*WHAT YOU SHOULD DO*
What is needed is a word-for-word transcript of the listing, free of pictures.

---*---

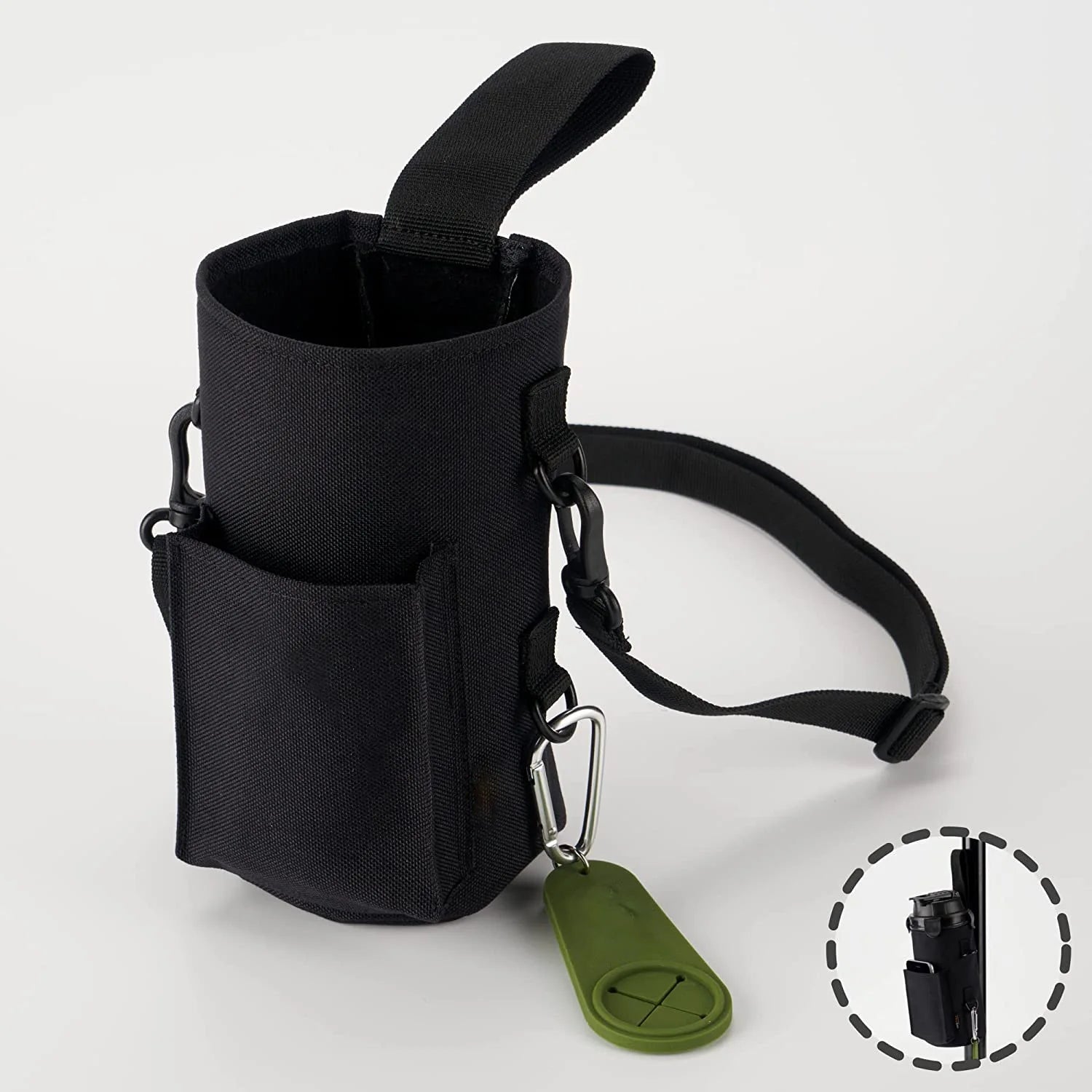 Magnetic Gym Bag Outdoor and indoor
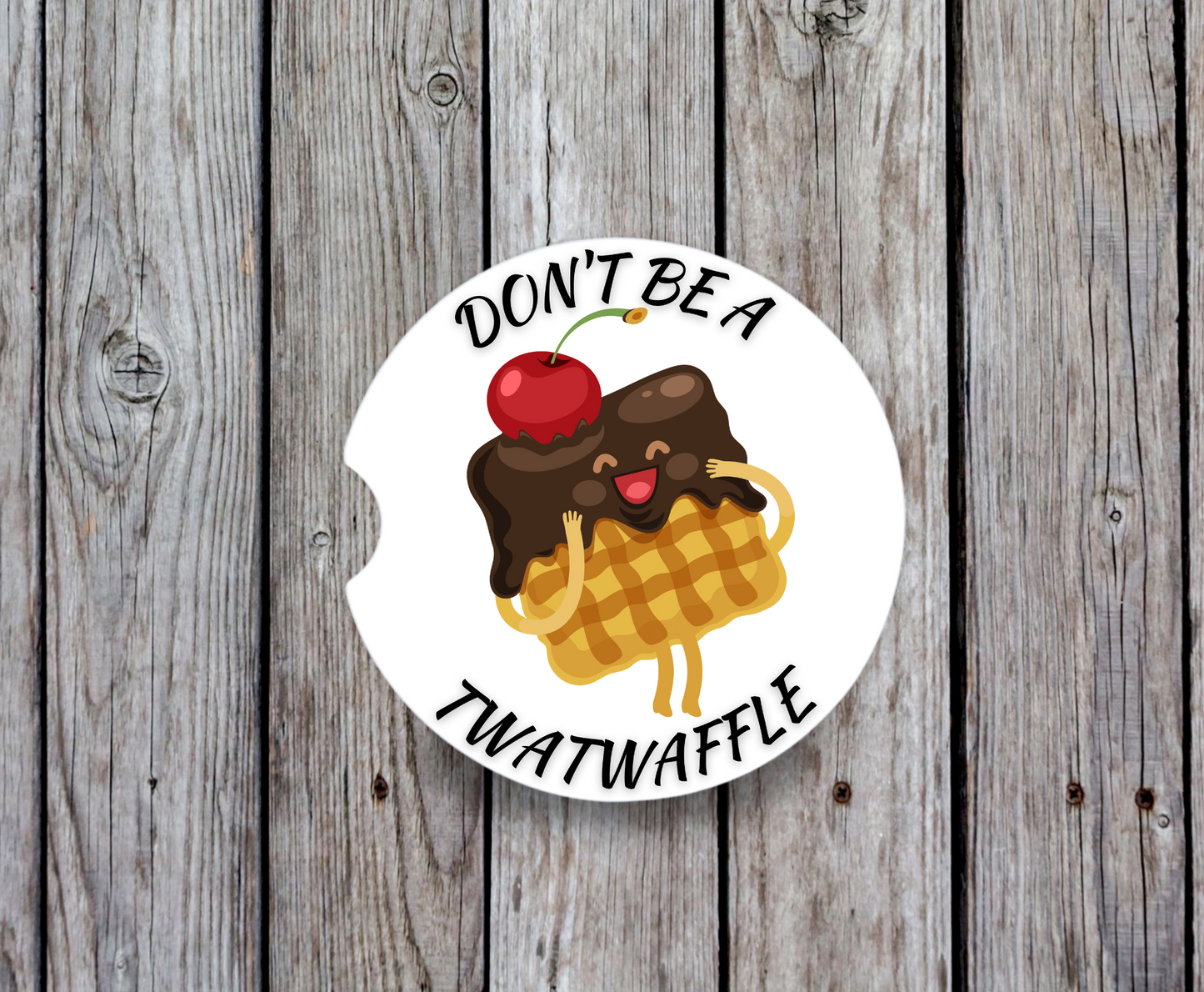 Don't Be A Twatwaffle - Square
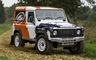 2014 Land Rover Defender Challenge Car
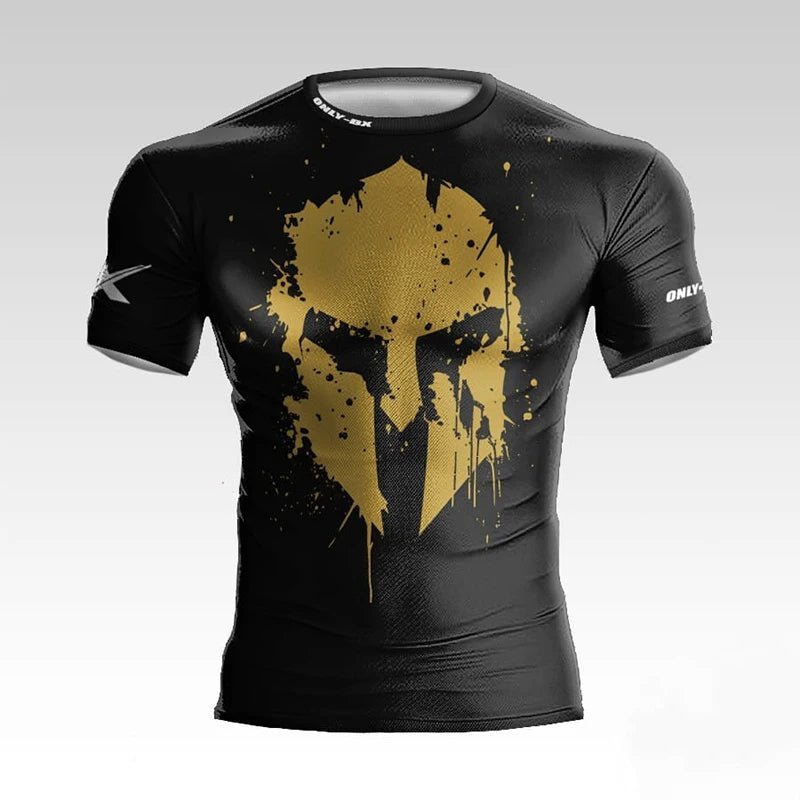 Gymfit Sparta Compression T-Shirt - Gymfit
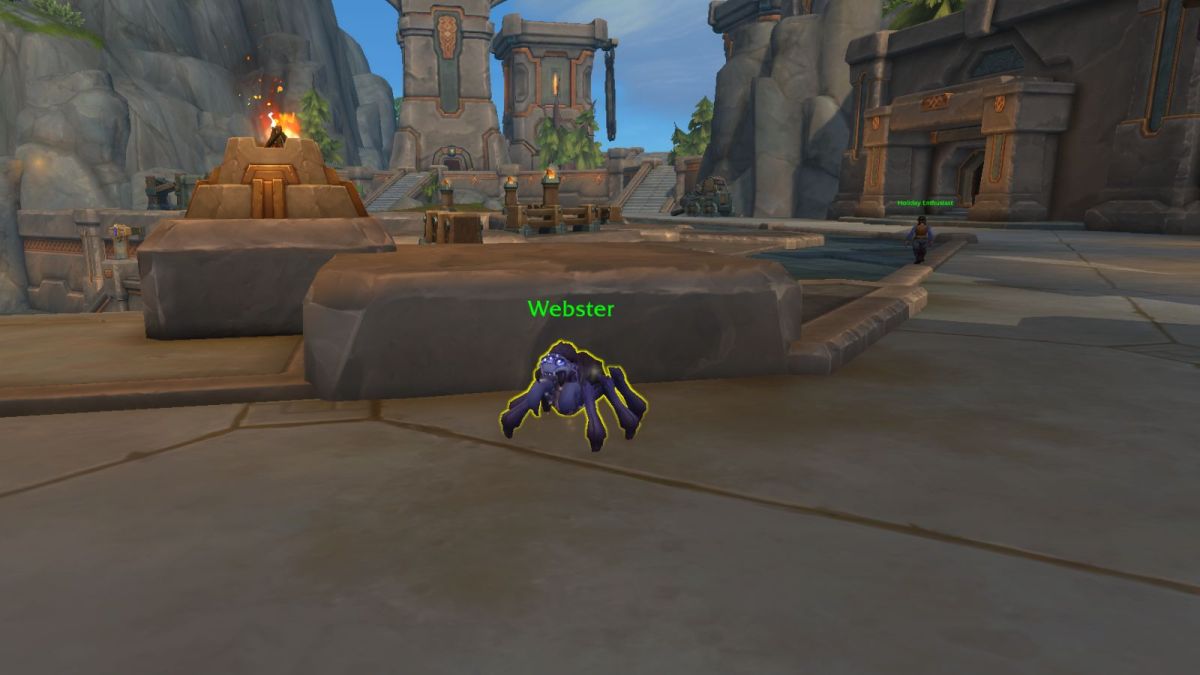 Webster in World of Warcraft The War Within.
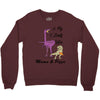 mama &amp; pizza dinasour Crewneck Sweatshirt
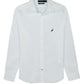 NAUTICA - חולצה מכופתרת בצבע לבן TAILORED FIT - MASHBIR//365 - 3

---*---

*TASK RESULT*
 Magnetic Gym Bag Outdoor and indoor
 Don't Be A Twatwaffle - Square
 2014 Land Rover Defender Challenge Car
 Gymfit Sparta Compression T-Shirt - Gymfit
 Webster in World of Warcraft The War Within.
 mama &amp; pizza dinasour Crewneck Sweatshirt
 NAUTICA - חולצה מכופתרת בצבע לבן TAILORED FIT - MASHBIR//365 - 3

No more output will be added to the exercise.